Première Guadeloupéenne en équipe de France (où elle cumule 31 sélections), elle est championne de France au 80 m haies en 1963 et 1964, au saut en longueur en 1967 et au 100 m haies en 1969. Elle devient en 1964, à Tokyo, la première Guadeloupéenne à participer aux Jeux olympiques, où elle termine huitième lors de la finale du quatre fois 100 m haies.
Une blessure l’empêche de participer aux Jeux de Mexico pour lesquels elle était sélectionnée. Marlène Canguio est retournée vivre en Guadeloupe.
Il raconte
Évelyne faisait partie de la section de tennis de table handisport de Nantes
Après un désaccord, Évelyne rejoint, avec d’autres pratiquants, l’AEPR, qui crée sa section.
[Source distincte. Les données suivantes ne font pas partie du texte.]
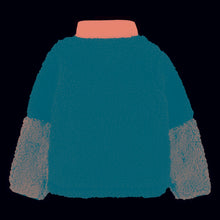 Charger l'image dans la galerie,  GIACCA SHERPA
Nous avons ainsi fourni une partie de l’équipe de France pendant plusieurs années ! Nous étions l’un des rares clubs équipés pour organiser le championnat national, à l’Ouche-Dinier. Nous y avons vu des performances époustouflantes. Le handisport était alors très peu médiatisé, les titres remportés par Évelyne ne lui ont pas valu la notoriété qu’elle méritait. C’était une femme bien, sympa, intéressante, investie, très appréciée. Après sa mort brutale, la section, privée de son moteur, a disparu doucement.